§ YOUR TASK: When you reach the line containing "Airstar Professional Reel" in the records below, start copying exactly, and stop once you have copied the line containing "Продажа домов: Полдома, 34".

>>>>>

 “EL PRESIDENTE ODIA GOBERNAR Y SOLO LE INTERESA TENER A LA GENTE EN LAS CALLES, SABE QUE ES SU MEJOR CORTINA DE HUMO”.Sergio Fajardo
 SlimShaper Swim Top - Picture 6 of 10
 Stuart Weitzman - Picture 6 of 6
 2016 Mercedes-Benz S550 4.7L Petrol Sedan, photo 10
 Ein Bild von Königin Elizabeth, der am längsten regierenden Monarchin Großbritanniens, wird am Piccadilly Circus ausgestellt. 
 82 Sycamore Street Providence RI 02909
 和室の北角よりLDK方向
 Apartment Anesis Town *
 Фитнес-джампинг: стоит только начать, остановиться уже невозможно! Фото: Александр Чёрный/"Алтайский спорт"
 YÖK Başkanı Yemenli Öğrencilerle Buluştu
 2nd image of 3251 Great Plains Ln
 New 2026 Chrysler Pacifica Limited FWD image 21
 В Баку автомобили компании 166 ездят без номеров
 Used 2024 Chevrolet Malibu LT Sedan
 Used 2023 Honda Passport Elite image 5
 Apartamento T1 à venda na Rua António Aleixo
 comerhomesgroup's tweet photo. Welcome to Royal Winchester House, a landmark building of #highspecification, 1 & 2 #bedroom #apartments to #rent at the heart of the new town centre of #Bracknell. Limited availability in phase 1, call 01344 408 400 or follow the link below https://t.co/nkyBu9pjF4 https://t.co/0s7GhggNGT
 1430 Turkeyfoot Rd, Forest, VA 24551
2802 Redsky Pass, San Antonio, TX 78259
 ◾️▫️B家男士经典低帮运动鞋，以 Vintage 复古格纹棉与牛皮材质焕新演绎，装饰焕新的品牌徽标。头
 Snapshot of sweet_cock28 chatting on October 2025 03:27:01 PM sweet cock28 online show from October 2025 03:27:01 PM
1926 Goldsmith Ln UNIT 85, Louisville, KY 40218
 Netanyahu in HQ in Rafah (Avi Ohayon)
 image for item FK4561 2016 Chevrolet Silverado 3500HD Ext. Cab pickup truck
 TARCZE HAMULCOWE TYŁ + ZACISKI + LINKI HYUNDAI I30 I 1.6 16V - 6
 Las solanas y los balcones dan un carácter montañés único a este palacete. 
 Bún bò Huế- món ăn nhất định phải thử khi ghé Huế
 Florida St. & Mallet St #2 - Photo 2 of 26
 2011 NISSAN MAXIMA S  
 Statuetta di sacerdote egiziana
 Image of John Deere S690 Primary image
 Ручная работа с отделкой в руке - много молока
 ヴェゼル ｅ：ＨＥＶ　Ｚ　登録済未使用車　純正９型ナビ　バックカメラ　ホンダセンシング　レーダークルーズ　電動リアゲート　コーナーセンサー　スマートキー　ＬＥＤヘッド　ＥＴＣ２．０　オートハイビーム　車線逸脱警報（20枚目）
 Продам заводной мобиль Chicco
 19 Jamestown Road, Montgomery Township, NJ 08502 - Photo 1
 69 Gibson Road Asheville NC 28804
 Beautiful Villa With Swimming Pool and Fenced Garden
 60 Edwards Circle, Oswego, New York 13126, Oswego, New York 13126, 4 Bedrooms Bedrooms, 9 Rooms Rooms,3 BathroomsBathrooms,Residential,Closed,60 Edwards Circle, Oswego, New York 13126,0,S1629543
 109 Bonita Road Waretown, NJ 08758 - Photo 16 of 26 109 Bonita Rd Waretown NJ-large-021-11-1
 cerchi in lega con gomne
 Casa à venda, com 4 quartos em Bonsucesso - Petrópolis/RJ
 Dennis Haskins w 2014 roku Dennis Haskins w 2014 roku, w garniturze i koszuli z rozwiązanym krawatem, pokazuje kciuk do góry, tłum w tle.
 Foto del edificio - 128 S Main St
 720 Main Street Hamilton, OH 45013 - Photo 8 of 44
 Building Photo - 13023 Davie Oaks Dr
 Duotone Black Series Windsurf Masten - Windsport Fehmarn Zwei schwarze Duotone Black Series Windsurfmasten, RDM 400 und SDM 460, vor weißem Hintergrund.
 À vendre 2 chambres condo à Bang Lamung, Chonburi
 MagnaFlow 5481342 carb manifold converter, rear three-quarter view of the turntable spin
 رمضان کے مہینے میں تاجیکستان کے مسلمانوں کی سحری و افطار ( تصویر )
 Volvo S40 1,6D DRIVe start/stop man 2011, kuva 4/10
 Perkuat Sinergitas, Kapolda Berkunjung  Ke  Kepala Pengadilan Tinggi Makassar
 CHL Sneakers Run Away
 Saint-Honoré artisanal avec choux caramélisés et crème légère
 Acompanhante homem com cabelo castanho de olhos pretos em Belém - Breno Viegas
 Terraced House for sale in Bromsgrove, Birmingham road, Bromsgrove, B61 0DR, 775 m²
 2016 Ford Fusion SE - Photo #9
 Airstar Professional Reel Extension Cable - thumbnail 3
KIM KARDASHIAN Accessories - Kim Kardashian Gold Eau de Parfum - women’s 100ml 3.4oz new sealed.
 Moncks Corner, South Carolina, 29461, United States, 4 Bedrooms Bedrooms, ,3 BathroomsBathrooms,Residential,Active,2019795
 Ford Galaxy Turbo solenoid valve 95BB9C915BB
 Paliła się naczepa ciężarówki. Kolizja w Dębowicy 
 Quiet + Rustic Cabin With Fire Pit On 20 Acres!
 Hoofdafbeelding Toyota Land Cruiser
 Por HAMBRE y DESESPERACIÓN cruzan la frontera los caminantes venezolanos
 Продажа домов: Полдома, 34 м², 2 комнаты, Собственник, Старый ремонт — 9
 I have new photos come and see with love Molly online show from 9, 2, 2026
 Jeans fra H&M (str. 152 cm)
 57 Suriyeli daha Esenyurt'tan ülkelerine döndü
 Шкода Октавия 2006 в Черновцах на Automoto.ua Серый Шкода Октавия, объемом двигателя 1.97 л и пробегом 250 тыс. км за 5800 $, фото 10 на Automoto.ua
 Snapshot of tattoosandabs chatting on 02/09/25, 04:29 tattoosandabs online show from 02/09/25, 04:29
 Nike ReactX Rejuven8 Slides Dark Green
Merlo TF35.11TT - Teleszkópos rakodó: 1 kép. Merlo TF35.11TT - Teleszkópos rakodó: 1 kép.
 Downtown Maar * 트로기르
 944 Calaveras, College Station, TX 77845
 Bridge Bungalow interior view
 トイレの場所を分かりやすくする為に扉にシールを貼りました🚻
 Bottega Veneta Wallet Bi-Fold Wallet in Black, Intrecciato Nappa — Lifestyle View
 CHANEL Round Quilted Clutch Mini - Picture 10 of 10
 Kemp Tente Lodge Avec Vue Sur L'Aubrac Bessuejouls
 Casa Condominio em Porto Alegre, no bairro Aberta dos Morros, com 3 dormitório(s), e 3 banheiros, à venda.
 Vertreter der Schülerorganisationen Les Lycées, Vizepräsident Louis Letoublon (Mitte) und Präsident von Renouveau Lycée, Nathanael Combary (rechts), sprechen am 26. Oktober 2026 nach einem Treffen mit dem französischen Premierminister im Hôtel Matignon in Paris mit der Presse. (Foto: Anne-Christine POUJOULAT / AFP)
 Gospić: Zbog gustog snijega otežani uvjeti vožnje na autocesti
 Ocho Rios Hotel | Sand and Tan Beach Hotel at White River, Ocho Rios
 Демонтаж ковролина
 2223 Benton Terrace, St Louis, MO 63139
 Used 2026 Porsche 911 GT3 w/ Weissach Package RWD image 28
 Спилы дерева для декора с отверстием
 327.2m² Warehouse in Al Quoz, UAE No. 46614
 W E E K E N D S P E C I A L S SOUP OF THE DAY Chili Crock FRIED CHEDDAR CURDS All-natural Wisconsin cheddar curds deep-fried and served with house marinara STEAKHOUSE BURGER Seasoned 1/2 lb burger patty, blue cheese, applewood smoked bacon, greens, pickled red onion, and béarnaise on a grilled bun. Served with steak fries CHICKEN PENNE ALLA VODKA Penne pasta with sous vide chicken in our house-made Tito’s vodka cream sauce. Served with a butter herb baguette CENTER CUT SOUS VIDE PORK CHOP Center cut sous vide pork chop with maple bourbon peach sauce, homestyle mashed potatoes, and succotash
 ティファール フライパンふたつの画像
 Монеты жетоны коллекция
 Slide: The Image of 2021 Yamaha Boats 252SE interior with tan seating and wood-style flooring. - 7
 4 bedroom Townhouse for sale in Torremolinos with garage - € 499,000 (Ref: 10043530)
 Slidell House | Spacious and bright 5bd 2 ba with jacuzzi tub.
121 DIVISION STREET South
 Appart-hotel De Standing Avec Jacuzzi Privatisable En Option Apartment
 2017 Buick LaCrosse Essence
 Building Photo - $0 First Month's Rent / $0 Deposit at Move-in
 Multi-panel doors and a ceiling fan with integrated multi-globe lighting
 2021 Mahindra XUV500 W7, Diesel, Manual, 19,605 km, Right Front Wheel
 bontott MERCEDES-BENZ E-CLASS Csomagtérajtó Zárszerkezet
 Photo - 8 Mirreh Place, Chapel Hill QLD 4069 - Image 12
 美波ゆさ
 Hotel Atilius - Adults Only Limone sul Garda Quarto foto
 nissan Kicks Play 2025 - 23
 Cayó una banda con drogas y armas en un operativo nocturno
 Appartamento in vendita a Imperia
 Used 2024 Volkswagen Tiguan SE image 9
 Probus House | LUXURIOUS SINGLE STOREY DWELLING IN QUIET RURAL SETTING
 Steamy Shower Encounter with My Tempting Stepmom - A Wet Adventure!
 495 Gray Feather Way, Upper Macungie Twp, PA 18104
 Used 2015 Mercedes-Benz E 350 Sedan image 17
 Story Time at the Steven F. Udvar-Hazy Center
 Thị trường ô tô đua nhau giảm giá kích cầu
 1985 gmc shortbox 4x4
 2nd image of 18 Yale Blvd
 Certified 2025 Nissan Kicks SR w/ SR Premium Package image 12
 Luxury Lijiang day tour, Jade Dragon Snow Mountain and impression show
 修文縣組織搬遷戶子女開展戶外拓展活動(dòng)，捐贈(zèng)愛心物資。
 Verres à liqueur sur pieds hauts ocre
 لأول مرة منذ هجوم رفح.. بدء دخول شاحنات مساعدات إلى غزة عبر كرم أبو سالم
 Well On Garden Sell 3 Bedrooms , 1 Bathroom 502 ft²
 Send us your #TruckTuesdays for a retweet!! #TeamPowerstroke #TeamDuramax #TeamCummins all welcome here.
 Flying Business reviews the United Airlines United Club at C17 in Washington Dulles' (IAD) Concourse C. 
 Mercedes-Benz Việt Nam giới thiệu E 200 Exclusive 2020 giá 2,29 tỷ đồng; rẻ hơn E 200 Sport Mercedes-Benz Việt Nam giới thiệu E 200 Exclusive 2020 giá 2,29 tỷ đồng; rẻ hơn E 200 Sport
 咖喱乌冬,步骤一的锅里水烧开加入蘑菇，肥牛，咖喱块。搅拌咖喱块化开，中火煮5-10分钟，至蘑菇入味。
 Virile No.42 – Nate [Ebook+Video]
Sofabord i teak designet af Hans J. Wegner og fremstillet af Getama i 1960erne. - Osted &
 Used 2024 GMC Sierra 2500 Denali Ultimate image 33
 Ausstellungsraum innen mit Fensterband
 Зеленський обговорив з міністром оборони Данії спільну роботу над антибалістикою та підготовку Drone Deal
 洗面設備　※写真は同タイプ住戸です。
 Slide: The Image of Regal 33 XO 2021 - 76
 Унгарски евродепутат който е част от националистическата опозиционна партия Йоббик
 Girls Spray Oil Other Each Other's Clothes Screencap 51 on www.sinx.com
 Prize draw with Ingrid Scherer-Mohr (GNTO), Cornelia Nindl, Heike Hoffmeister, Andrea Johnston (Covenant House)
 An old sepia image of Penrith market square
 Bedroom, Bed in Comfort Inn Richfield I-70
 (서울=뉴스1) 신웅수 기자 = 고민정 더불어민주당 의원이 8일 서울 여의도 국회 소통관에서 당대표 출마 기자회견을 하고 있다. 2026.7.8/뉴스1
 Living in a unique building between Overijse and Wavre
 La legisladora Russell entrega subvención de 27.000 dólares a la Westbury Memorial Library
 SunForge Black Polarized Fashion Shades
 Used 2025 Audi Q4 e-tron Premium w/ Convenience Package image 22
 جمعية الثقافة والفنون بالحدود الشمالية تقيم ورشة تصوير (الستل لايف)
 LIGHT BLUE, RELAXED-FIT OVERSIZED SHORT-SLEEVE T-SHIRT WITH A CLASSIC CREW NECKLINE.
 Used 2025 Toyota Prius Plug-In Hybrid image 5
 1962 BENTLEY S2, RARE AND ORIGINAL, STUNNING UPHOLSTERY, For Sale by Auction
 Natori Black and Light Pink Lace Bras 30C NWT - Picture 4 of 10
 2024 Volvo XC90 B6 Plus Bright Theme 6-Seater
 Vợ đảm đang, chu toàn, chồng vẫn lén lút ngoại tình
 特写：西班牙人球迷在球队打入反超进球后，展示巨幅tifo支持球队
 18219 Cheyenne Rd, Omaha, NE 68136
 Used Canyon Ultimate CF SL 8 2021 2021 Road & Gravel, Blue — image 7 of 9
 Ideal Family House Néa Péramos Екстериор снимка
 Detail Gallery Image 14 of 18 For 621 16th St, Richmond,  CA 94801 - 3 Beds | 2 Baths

<<<<<

§ EXERCISE ANSWER:
 Airstar Professional Reel Extension Cable - thumbnail 3
KIM KARDASHIAN Accessories - Kim Kardashian Gold Eau de Parfum - women’s 100ml 3.4oz new sealed.
 Moncks Corner, South Carolina, 29461, United States, 4 Bedrooms Bedrooms, ,3 BathroomsBathrooms,Residential,Active,2019795
 Ford Galaxy Turbo solenoid valve 95BB9C915BB
 Paliła się naczepa ciężarówki. Kolizja w Dębowicy 
 Quiet + Rustic Cabin With Fire Pit On 20 Acres!
 Hoofdafbeelding Toyota Land Cruiser
 Por HAMBRE y DESESPERACIÓN cruzan la frontera los caminantes venezolanos
 Продажа домов: Полдома, 34 м², 2 комнаты, Собственник, Старый ремонт — 9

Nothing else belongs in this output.